Stored data ::

-- -- --

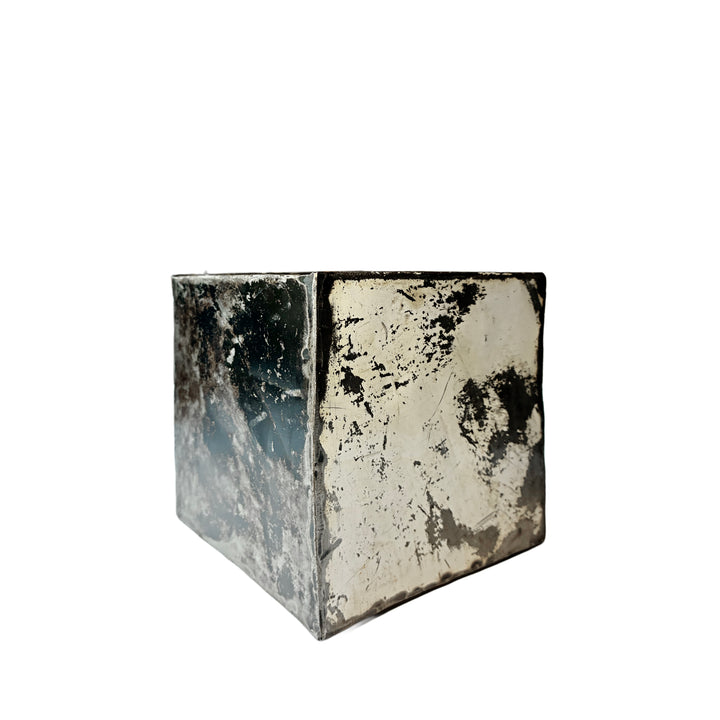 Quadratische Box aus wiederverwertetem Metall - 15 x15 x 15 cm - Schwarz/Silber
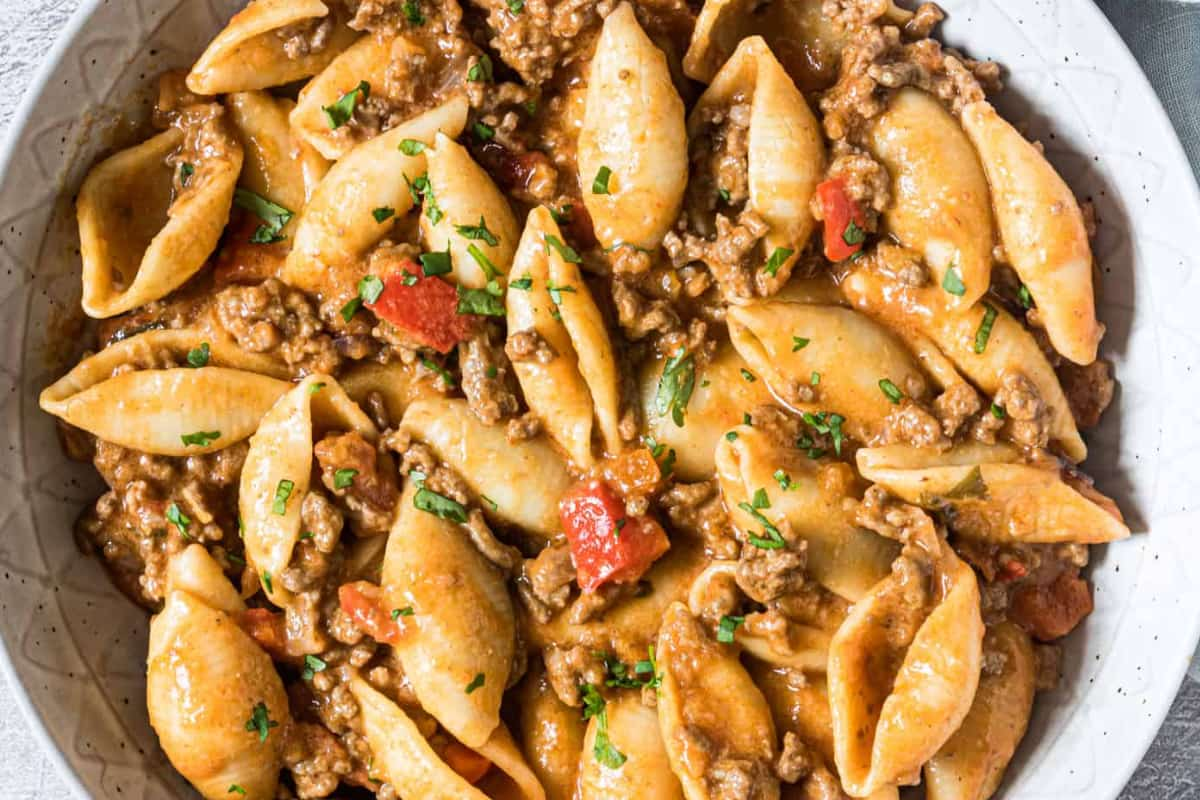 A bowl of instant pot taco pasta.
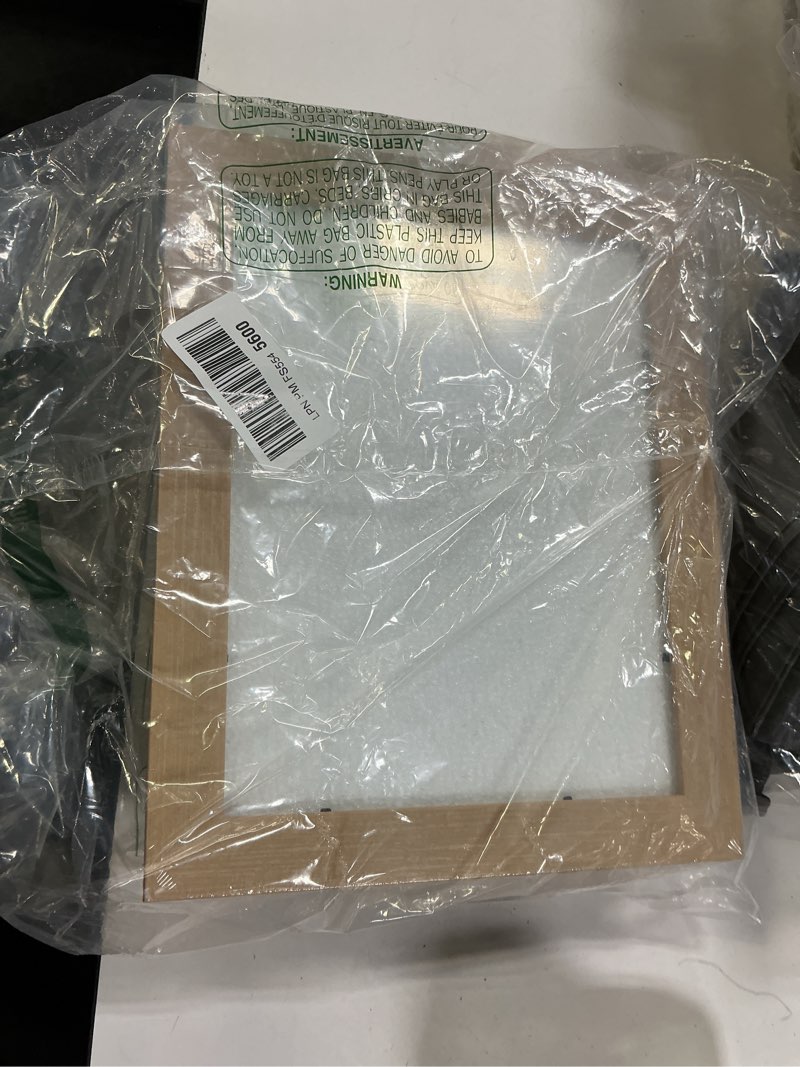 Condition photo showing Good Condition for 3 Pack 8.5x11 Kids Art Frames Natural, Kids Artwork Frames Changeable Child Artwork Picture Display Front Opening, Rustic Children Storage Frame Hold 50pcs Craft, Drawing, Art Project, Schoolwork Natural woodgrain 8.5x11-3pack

-- -- --

Problem statement ::
If pictures appear, drop them, and retype exactly the lines from the "A bowl of instant pot taco pasta." line through the last line of the data above.

Solution for this task ::
 A bowl of instant pot taco pasta.
 Condition photo showing Good Condition for 3 Pack 8.5x11 Kids Art Frames Natural, Kids Artwork Frames Changeable Child Artwork Picture Display Front Opening, Rustic Children Storage Frame Hold 50pcs Craft, Drawing, Art Project, Schoolwork Natural woodgrain 8.5x11-3pack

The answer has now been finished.